A huge thank you to all the artists and composers who participated in the Score Trail. It was an awesome addition to our festival. Thanks to all the lovely shopkeepers in Carrick on Shannon too who let us take over their shop windows for the weekend.
There is a map to the trail below.
And very shortly we should have a PDF of all the works that can be downloaded here.
Tomomi Adachi sent a bold graphic score for piano and two graters. (I’m thinking this didn’t work out too good for the piano.) I like how Vicky Langan responded, using a grater on cardboard and a piano string to create her sculptural piece.
Alvin Curran sent us this piece which reminds me of a diagram of how to do the fox trot. I’d like to see this one performed.

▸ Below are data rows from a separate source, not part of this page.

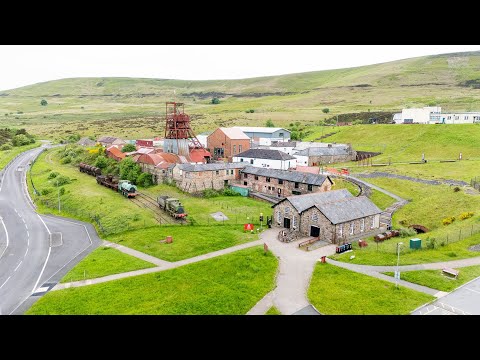 Big Pit National Coal Museum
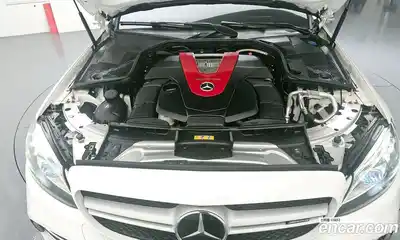Mercedes-Benz C-Class 2021 3.0 Автомат в Москве № 289481, миниатюра 10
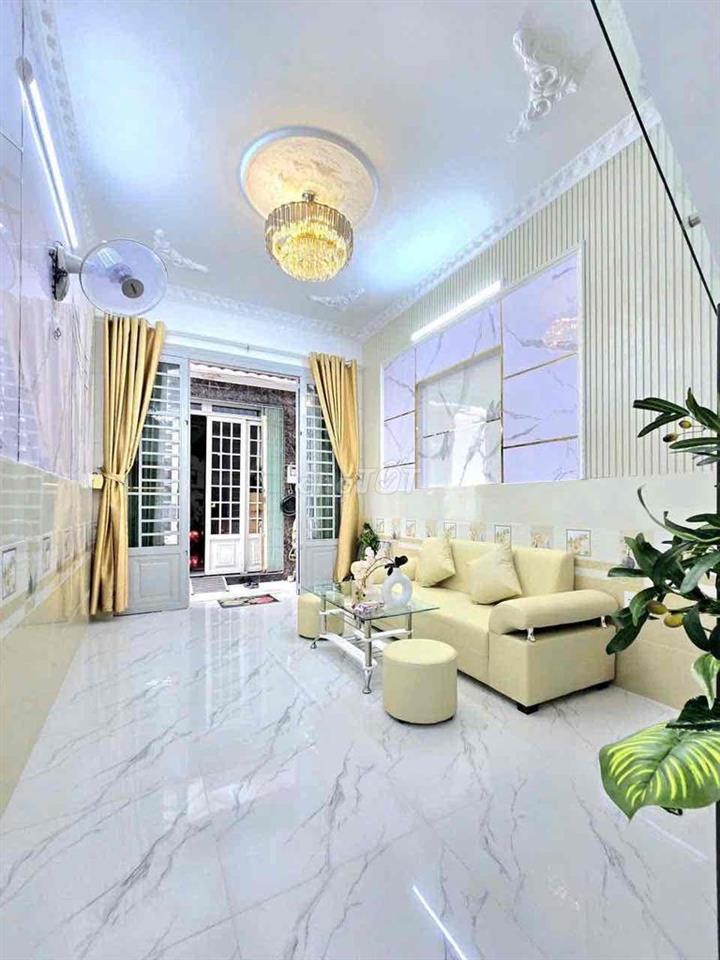 🔔🔔🔔Bán nhà hẻm 1806 cách xe hơi vài bước chân. Huỳnh Tấn Phát. Nhà Bè🔔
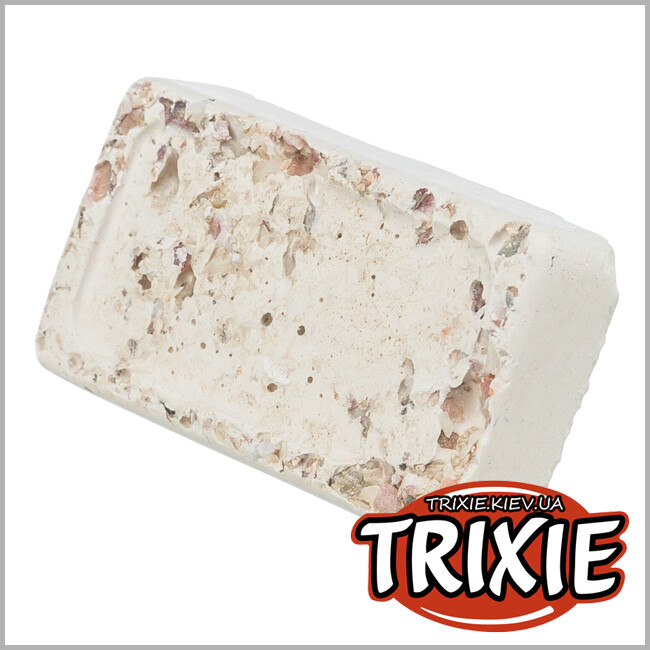 ТРИКСИ Украина - Камни Trixie 5108 для клюва с ракушками, 30гр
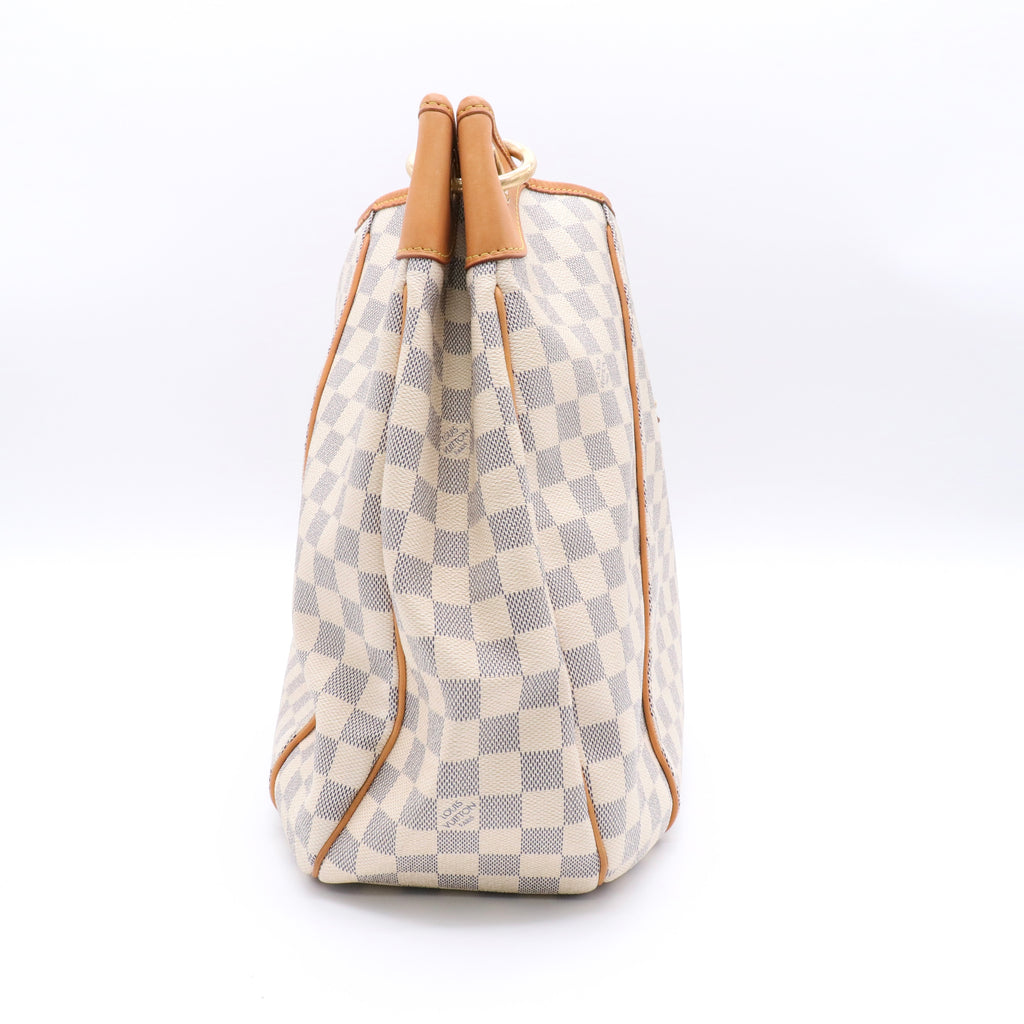 Damier Azur Canvas Galliera GM Bag twins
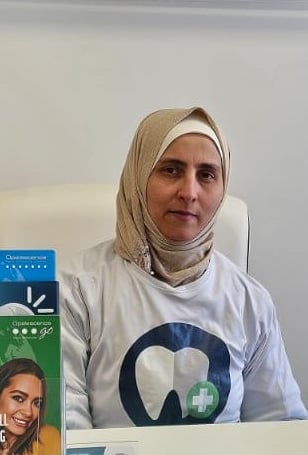 Hadia Al Kjok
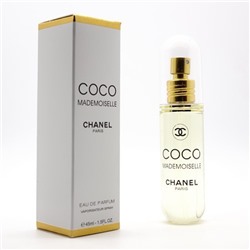 CHANEL COCO MADEMOISELLE, женская парфюмерная вода в капсуле 45 мл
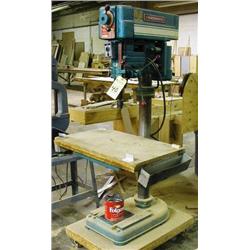 POWERMATIC DRILL PRESS M1200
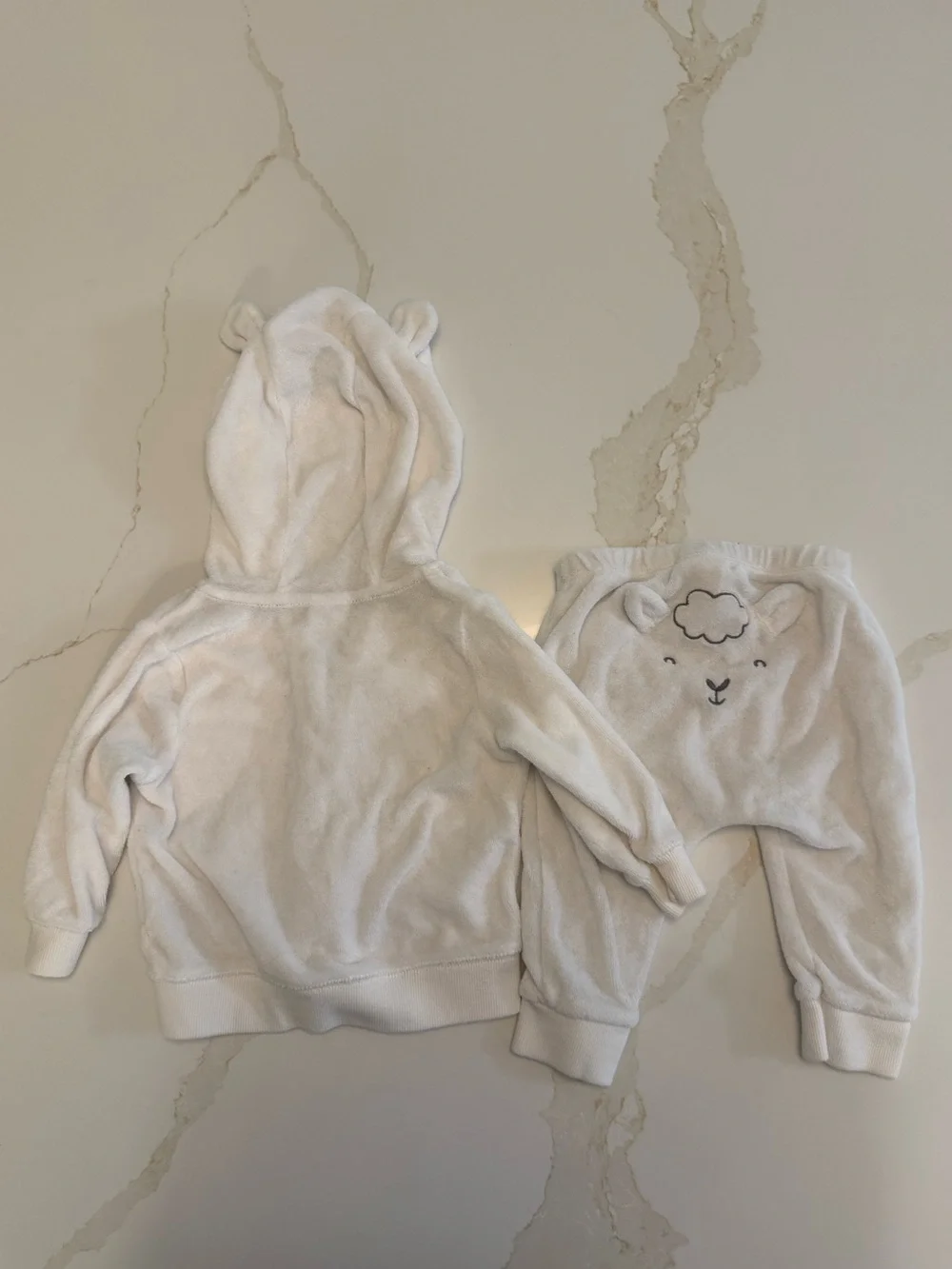 Baby Boy 3-6 Month Clothing Bundle | Carter’s Converse Dinosaur Sleepers
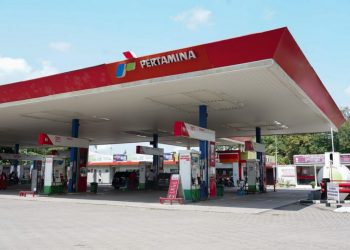 Pertamina Naikkan Harga BBM per 4 Mei 2026, Dex Tembus Rp27.900 per Liter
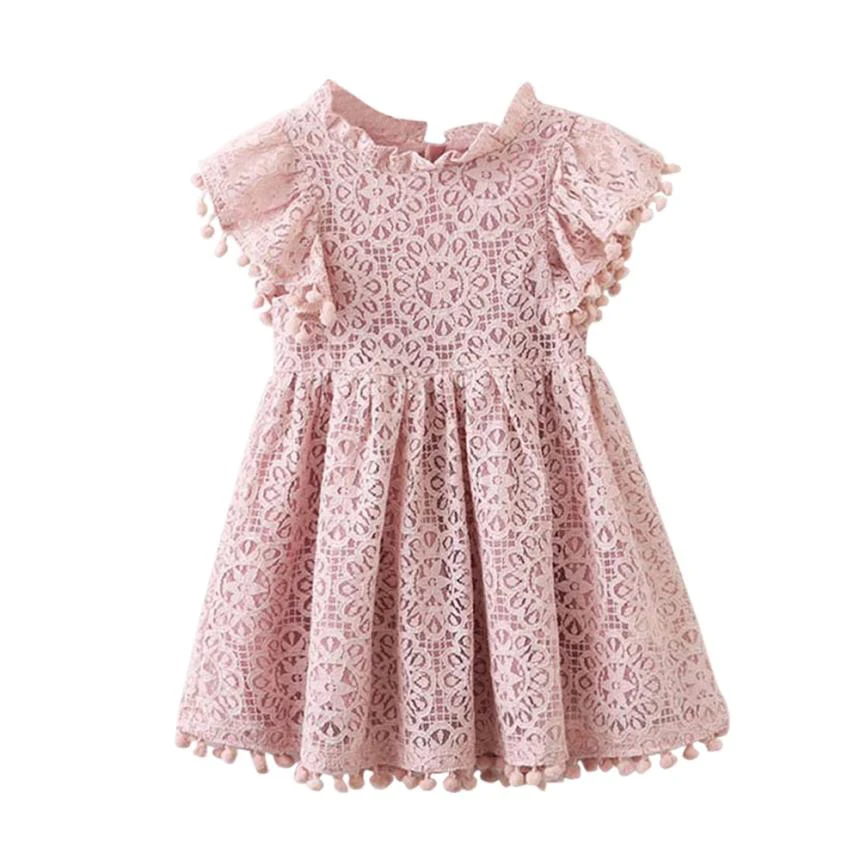 Girls Dresses Kids Baby Girls Floral Cute Lace Princess Hollow Dress Clothes Summer Sleeveless Dress Girl
Girls Dresses Kids Baby Girls Floral Cute Lace Princess Hollow Dress Clothes Summer Sleeveless Dress Girl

And here we have Mouthpiece I from Erin Gee. I love the video of this piece. It reminds me of a Beckett play.
John Godfrey sent us a score called Tinting Study. It is quite a subtle visual work as well as being an interesting score.
Anthony Kelly made this score for us. I like how he allows the performer to choose their own way to interpret his image.
Joe Kudirka sent us some delicate and beautifully textured sheets of handmade paper – there are all sorts of interesting material in them – hair, foil, etc.
Anton Lukoszevieze sent us a score based on what looks like an image of a Russian circuit board called Music for Orchestra.
Istvan Zelenka sent us these thoughtful text scores (above) to which Sandra Lulei responded with playful layered and embroidered drawings. (Below.)
Danny McCarthy made this beautiful book for the festival, which we will be turning the pages of each day.
Paul McGuire‘s score Underpass Anxiety was presented…well, in an underpass aptly enough…
Karen Power sent us an excerpt from her score armed only with nuts.
James Saunders made a piece especially for the festival – location composite #4 – which is hidden inside a book in one of the bookshops. Festival-goers are invited to write the sounds they hear on sheets of paper hidden in the book. The resultant score will hopefully be performed over the weekend.
Caroline Walshe’s work gave people a chance to create their own score to take home or leave on the wall.
Jennifer Walshe‘s score was printed on a t-shirt and hung in a charity shop window. We may see it on Sunday being worn by a Carrick on Shannon farmer, having been accidentally purchased from the shop.
Pictured above is one of Amnon Wolman’s graphic scores (left) with Felicity Ford‘s postcard-sized scores in response. I love how Felicity tries to untangle the mystery of the image in Amnon’s score with her descriptions of different actions involving knitting needles, matches, pins and combs.
And there is a mystery score, pictured below. If you can find it and report back to box office with the title of the score, you get a free copy of Felicity Ford’s postcard scores! Whooppee!!